* [About this exercise] In the entries that follow, find the line containing "Yellow Georgette Printed Saree" and the line containing "Here's a multi-part", then copy exactly everything from the first through the second except the pictures.

* [Material supplied]
▽
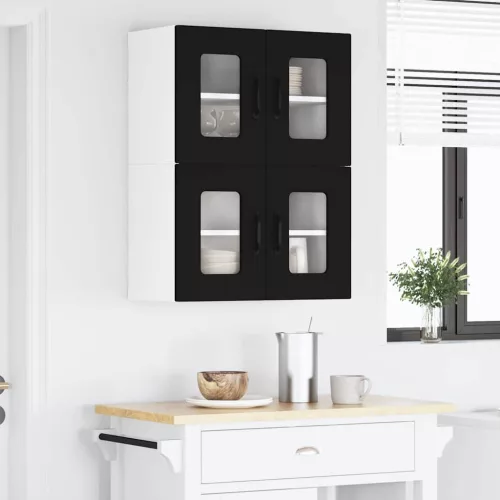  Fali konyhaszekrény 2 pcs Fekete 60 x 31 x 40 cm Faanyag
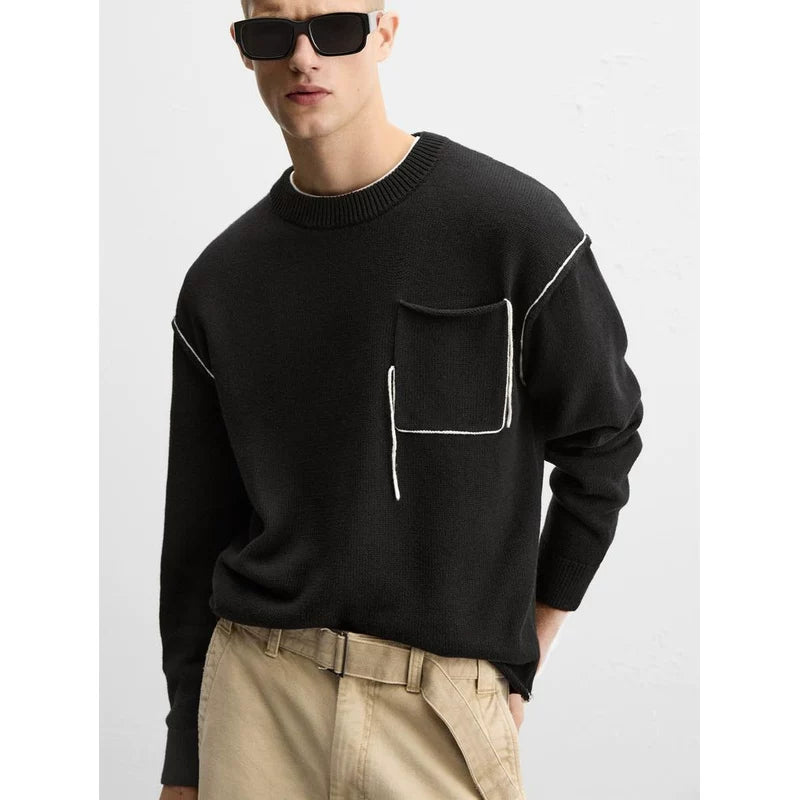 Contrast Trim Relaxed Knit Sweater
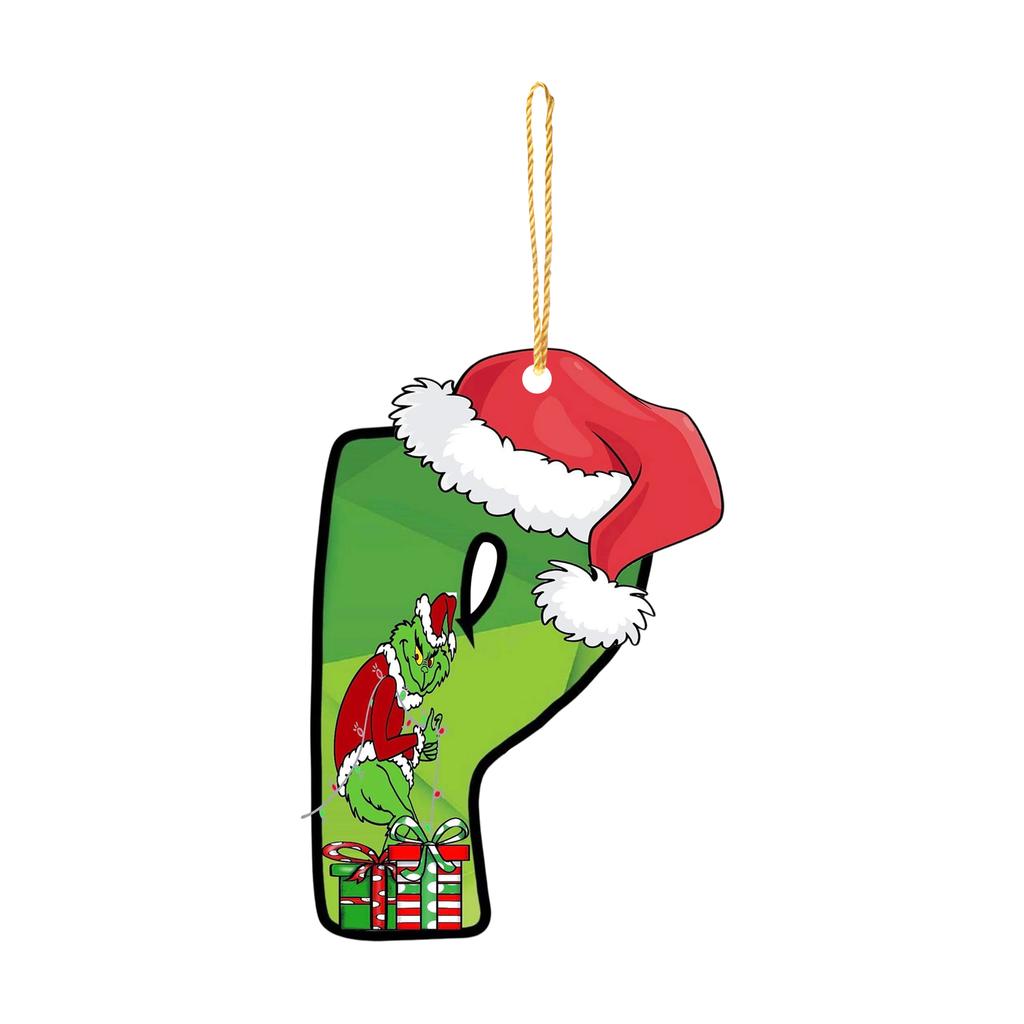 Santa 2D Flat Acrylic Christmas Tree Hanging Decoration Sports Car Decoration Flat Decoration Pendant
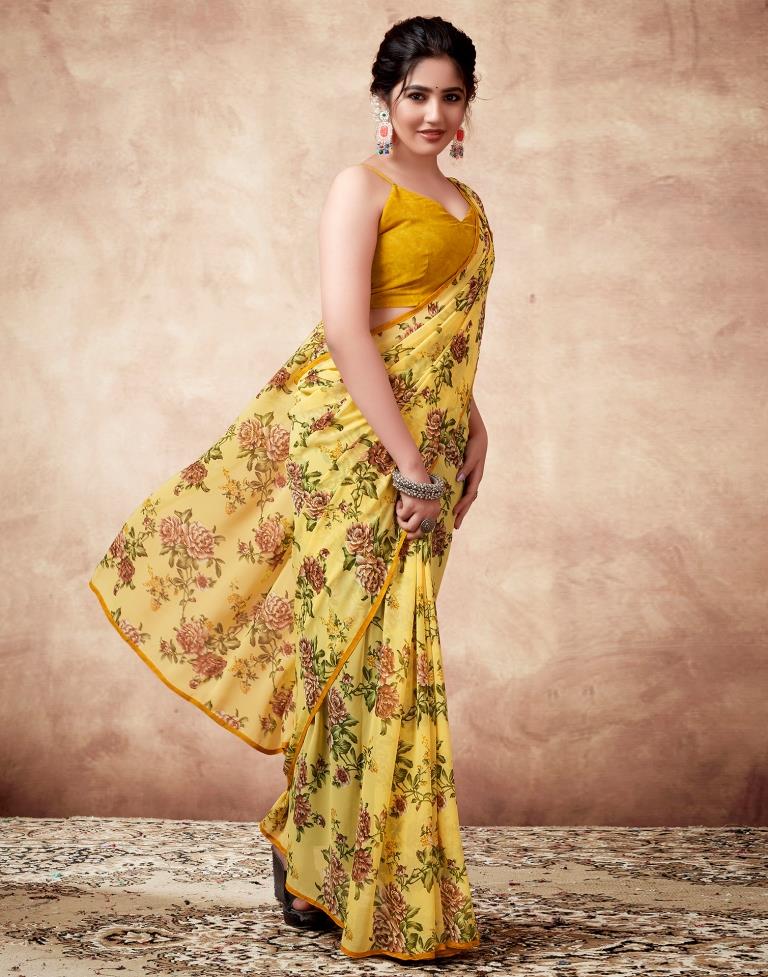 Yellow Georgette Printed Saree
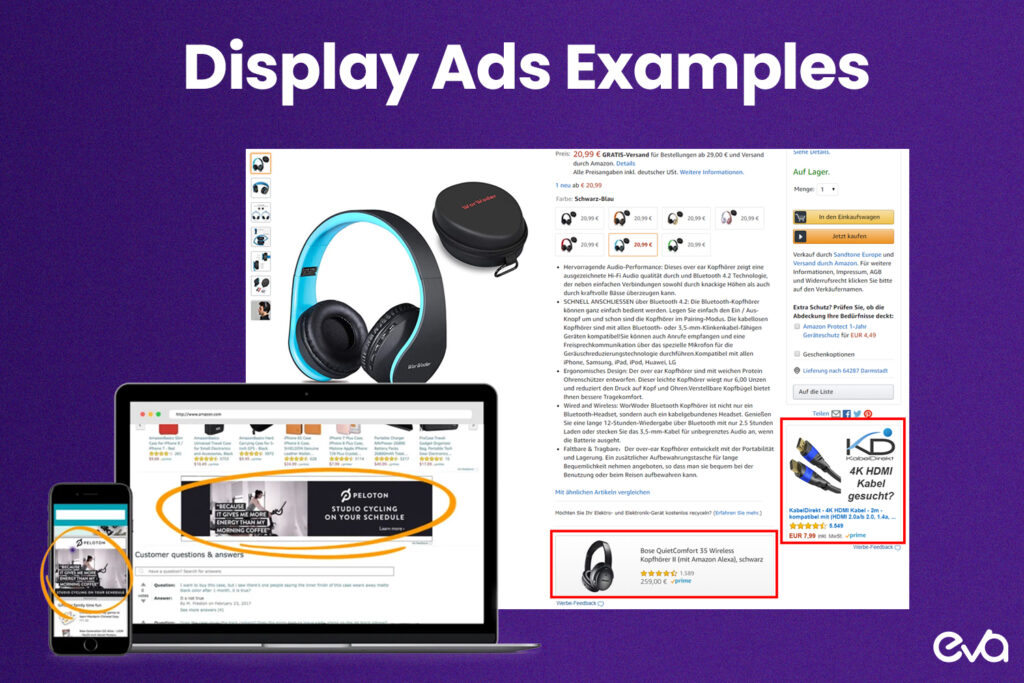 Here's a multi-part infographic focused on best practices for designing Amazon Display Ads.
△
▽
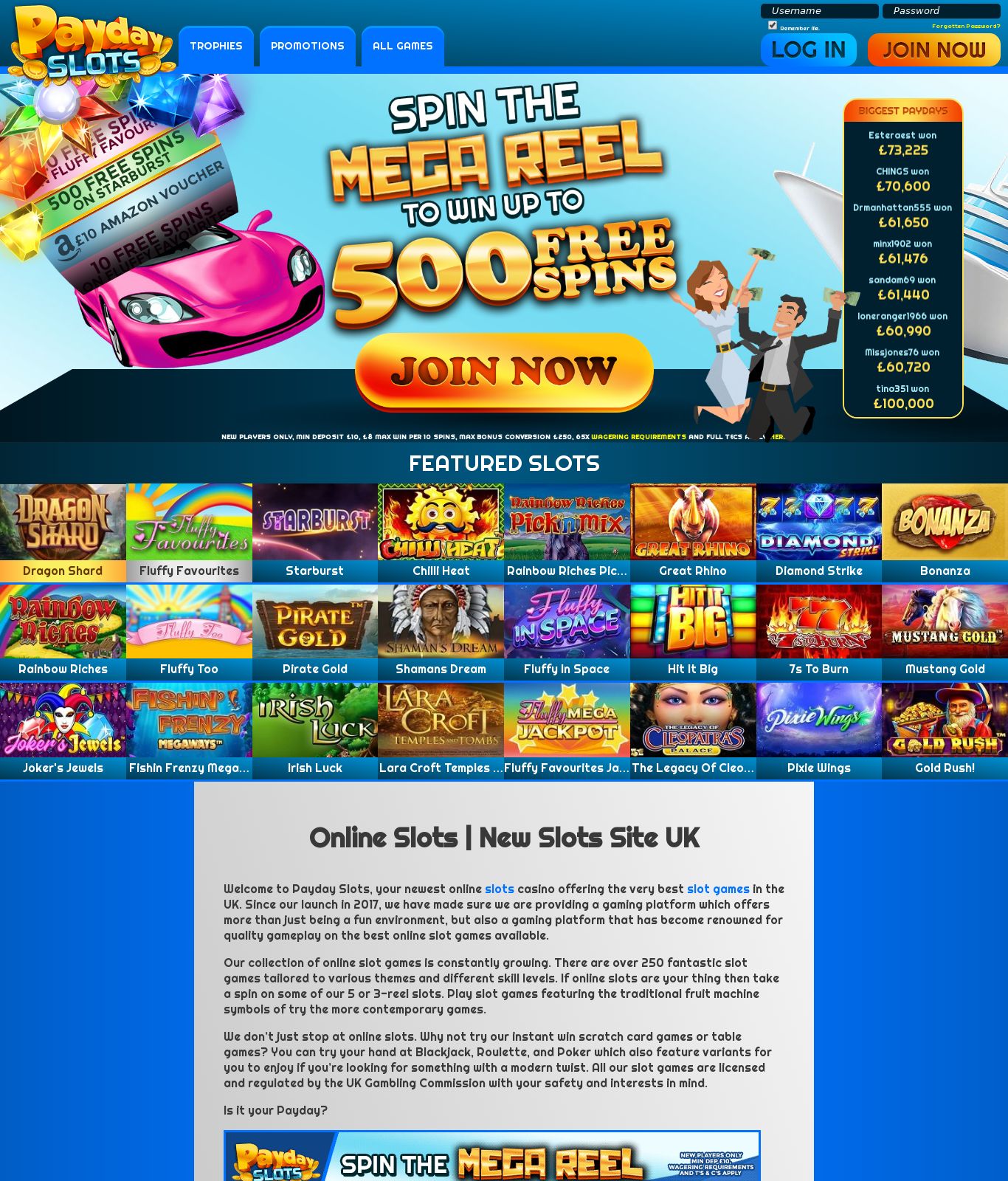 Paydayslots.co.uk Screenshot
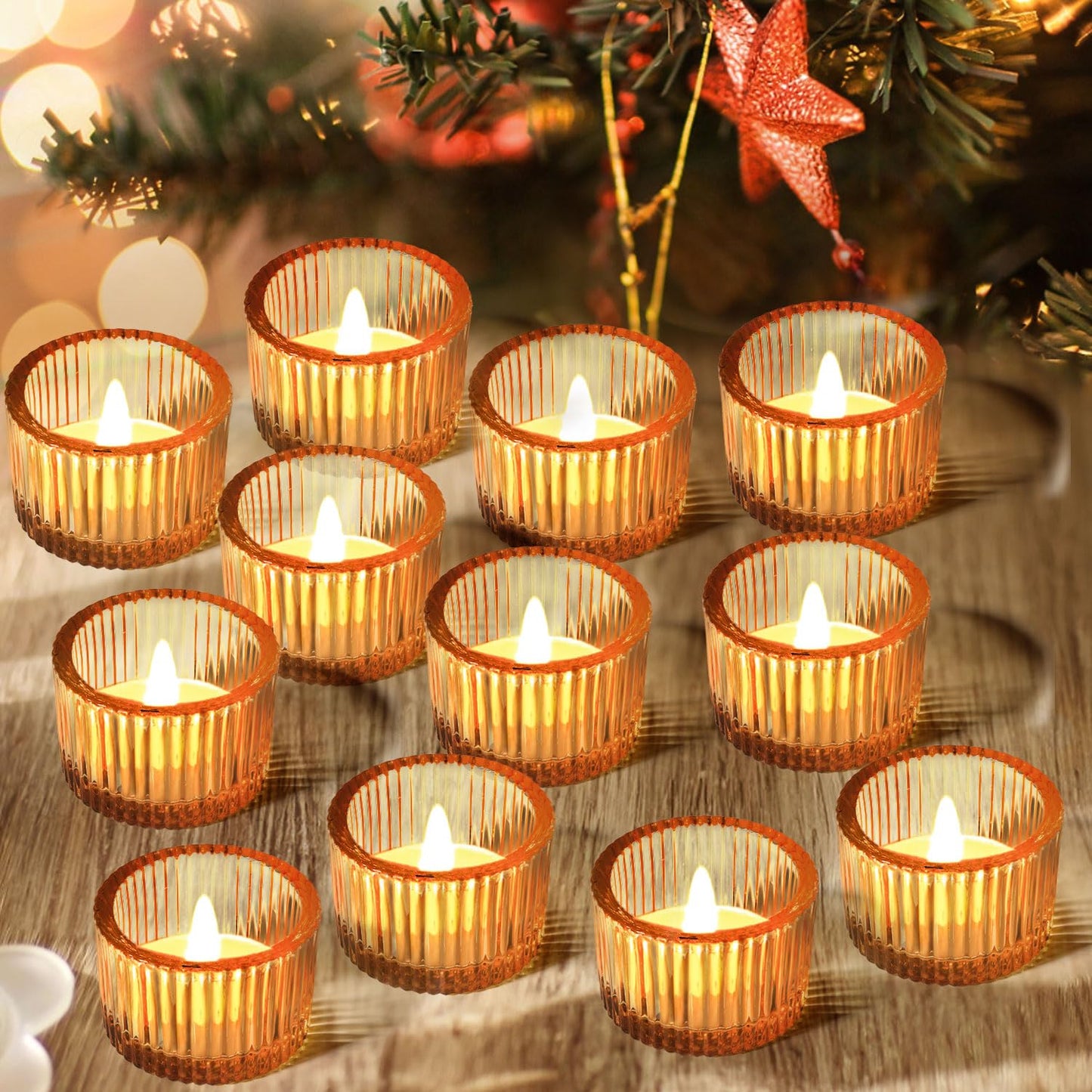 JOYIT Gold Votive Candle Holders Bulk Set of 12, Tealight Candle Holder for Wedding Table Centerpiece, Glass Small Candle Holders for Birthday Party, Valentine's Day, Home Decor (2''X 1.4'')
△
* [Finished task]
 Yellow Georgette Printed Saree
 Here's a multi-part infographic focused on best practices for designing Amazon Display Ads.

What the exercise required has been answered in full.